Ces médicaments ont amélioré les lésions du visage, du tronc et des extrémités, mais les modifications des ongles ont persisté et les douleurs articulaires ont augmenté, aggravant la limitation fonctionnelle. À ce stade, il a été décidé, en collaboration avec le service de rhumatologie, de commencer un traitement au méthotrexate à raison de 10 mg par jour une fois par semaine, associé au naproxène à raison de 500 mg/12 heures et à la prednisone à raison de 10 mg/jour, après avoir atteint cette dose en utilisant une posologie décroissante (en associant l'acide folique et le sulfaméthoxazole/triméthoprime à titre prophylactique). Il poursuit par ailleurs le traitement topique décrit ci-dessus et, malgré une évolution torpide, la toxicité tant cutanée qu'articulaire a complètement disparu en octobre 2016.

Évolution
Comme autres toxicités, la patiente a présenté une hypothyroïdie auto-immune clinique avec une TSH élevée, à 27,93 mcU/ml (plage normale entre 0,55 et 4,78), une T4 de 0,25 ng/dl (plage normale entre 0,78 et 2,19) et des anticorps anti-microsomiques-TPO positifs (> 1 300 IU/ml, positifs au-dessus de 60 IU/ml). La patiente présentait une hypothyroïdie analytique avec des symptômes compatibles, qui a été évaluée par l'endocrinologie et un traitement substitutif par lévothyroxine 100 mcg/jour a été mis en place, avec un suivi conjoint.
Au niveau tumoral, la réponse partielle majeure obtenue a été maintenue pendant 10 mois jusqu'en septembre 2016, date à laquelle une progression pulmonaire a été observée avec une lymphangite carcinomateuse et une augmentation des métastases pulmonaires. Il a obtenu une ILP de 10 mois après seulement 4 doses de nivolumab.
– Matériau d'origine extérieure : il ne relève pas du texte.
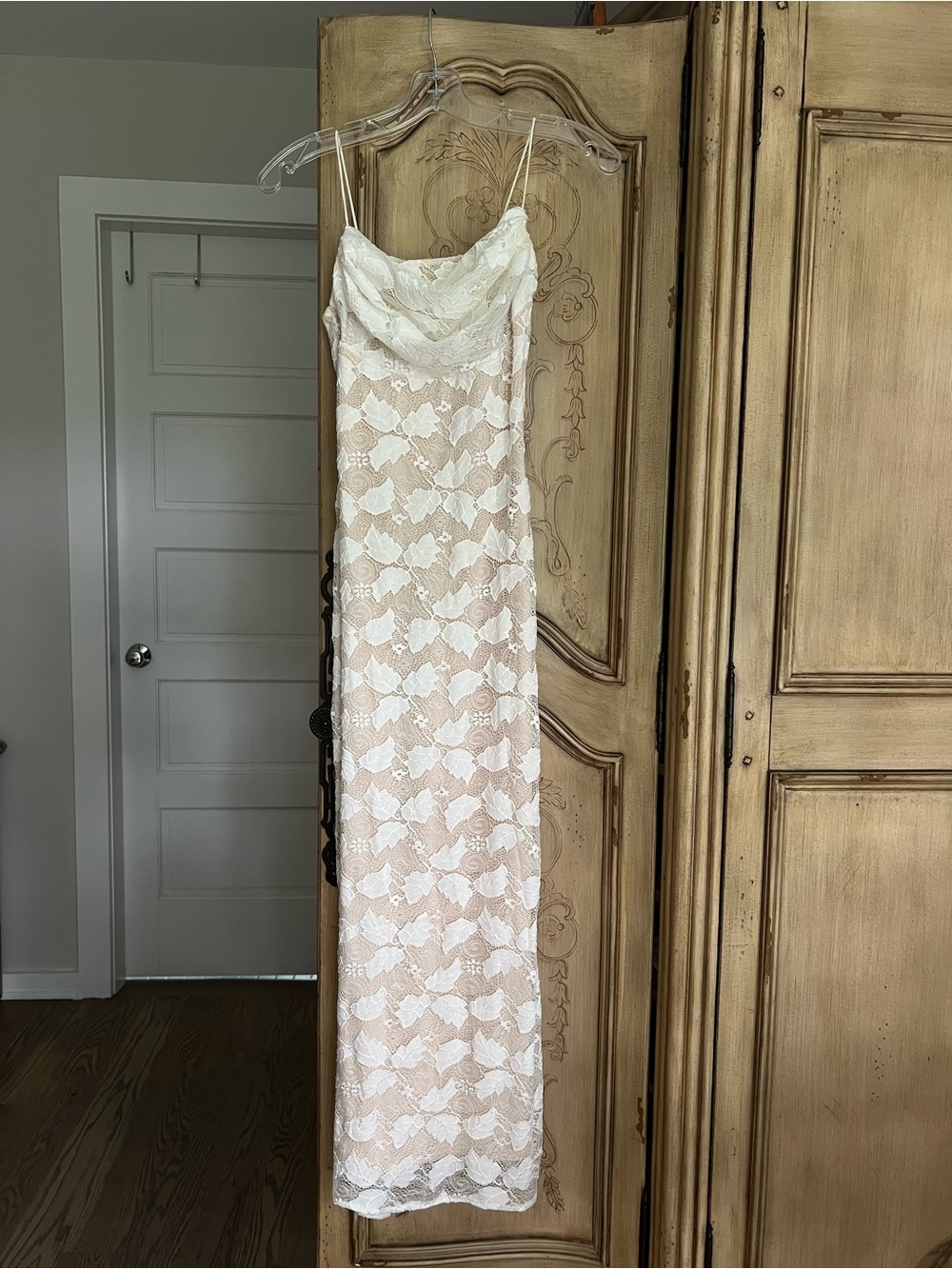 Princess Polly Lace Overlay Spaghetti-Strap Maxi Dress in Ivory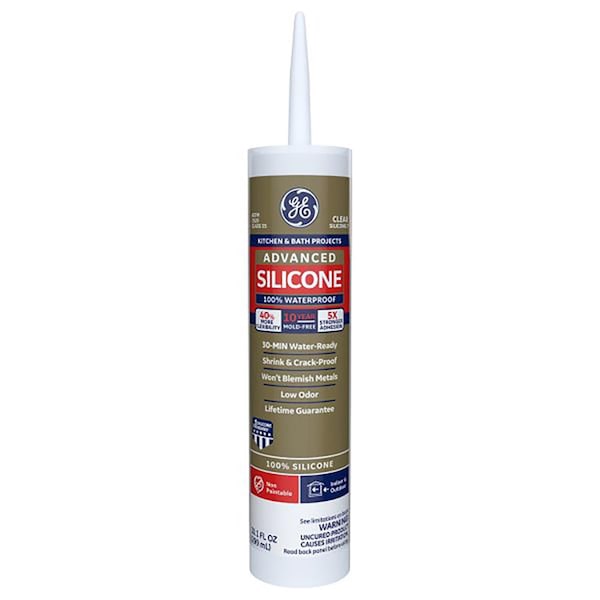 Silicone Ii GE Advanced Clear Silicone 2 Kitchen and Bath Caulk Sealant 10.1 oz - GE5040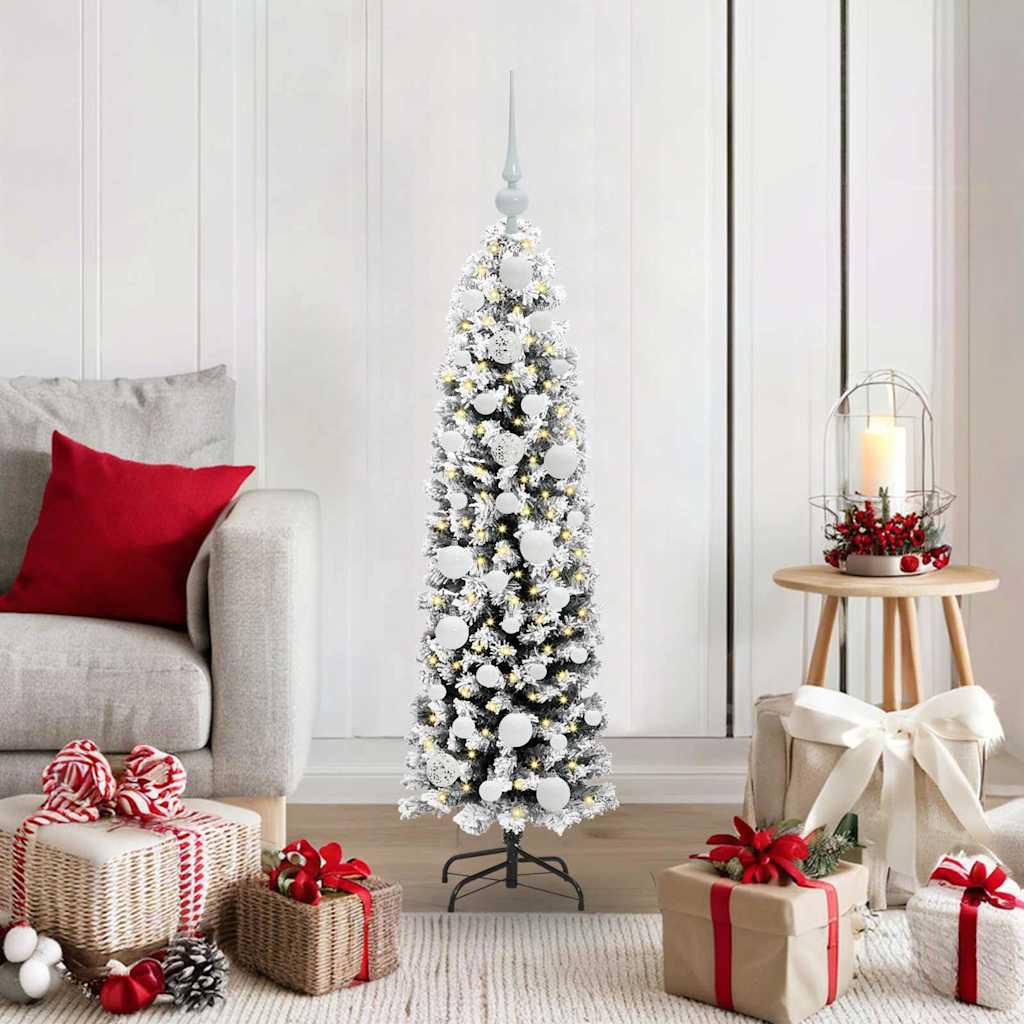 Kunstigt juletræ med LED-lys og stativ 120 cm - grøn, PVC, stål og plastik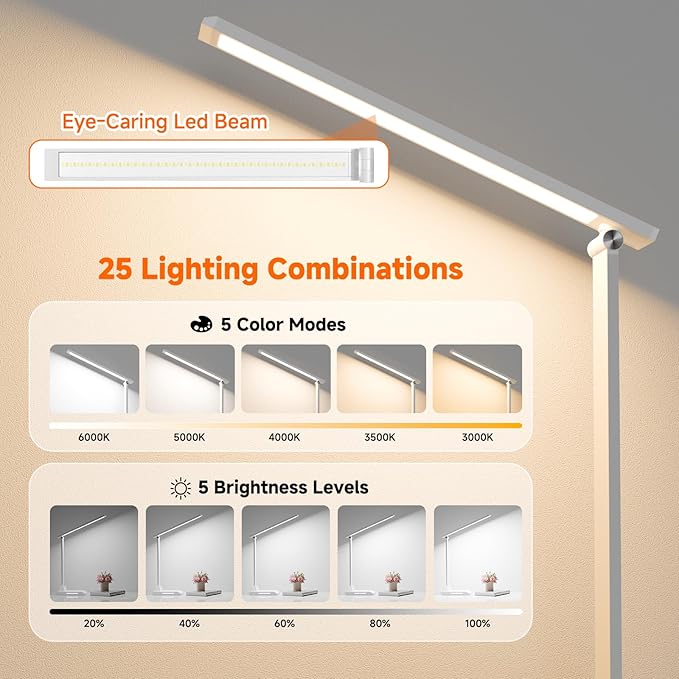 ShineTech LED Desk Lamp for Home Office, Dimmable Desk Light with 25 Lighting Combinations and USB Port, Memory and Timer Folding Reading Light for Study Nightstand, White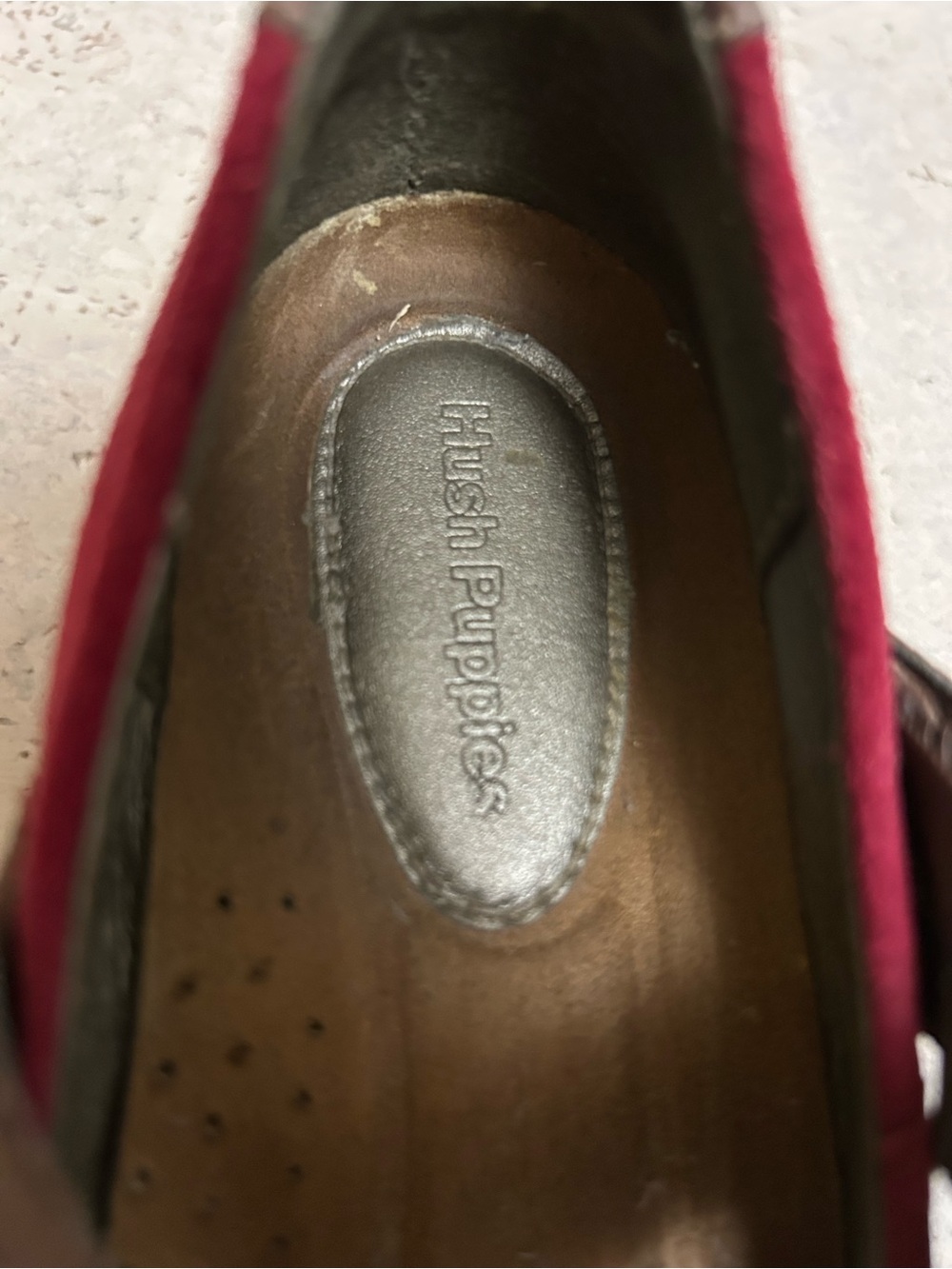 Red Hush Puppies Mary Jane’s with Brown Strap - Picture 4 of 5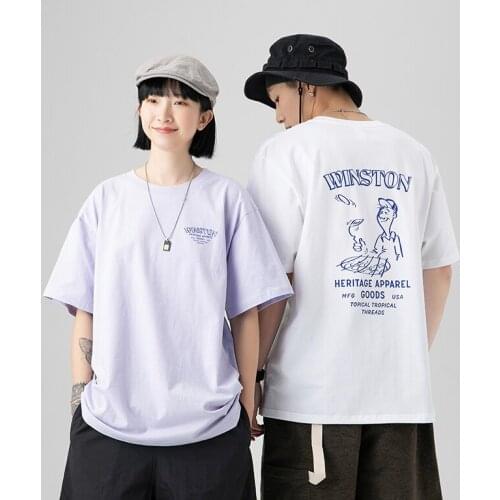 2021 Vintage Cartoon Print Tshirt Men Short Sleeve Harajuku Style Plus Size Clothing Summer Couples T Shirts Matching Purpl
Par la suite, le patient reçoit encore 4 lignes de traitement palliatif, jusqu'à ce qu'il présente finalement une progression cérébrale avec de multiples métastases cérébrales en novembre 2017, après quoi il reçoit une radiothérapie holocrânienne palliative avec une asthénie de grade 2 et un déconditionnement physique dû à la corticothérapie et à la diminution de la mobilité, décédant finalement en décembre 2017 dans un contexte d'infection et d'insuffisance respiratoire, après avoir atteint une survie globale de 55 mois depuis le diagnostic.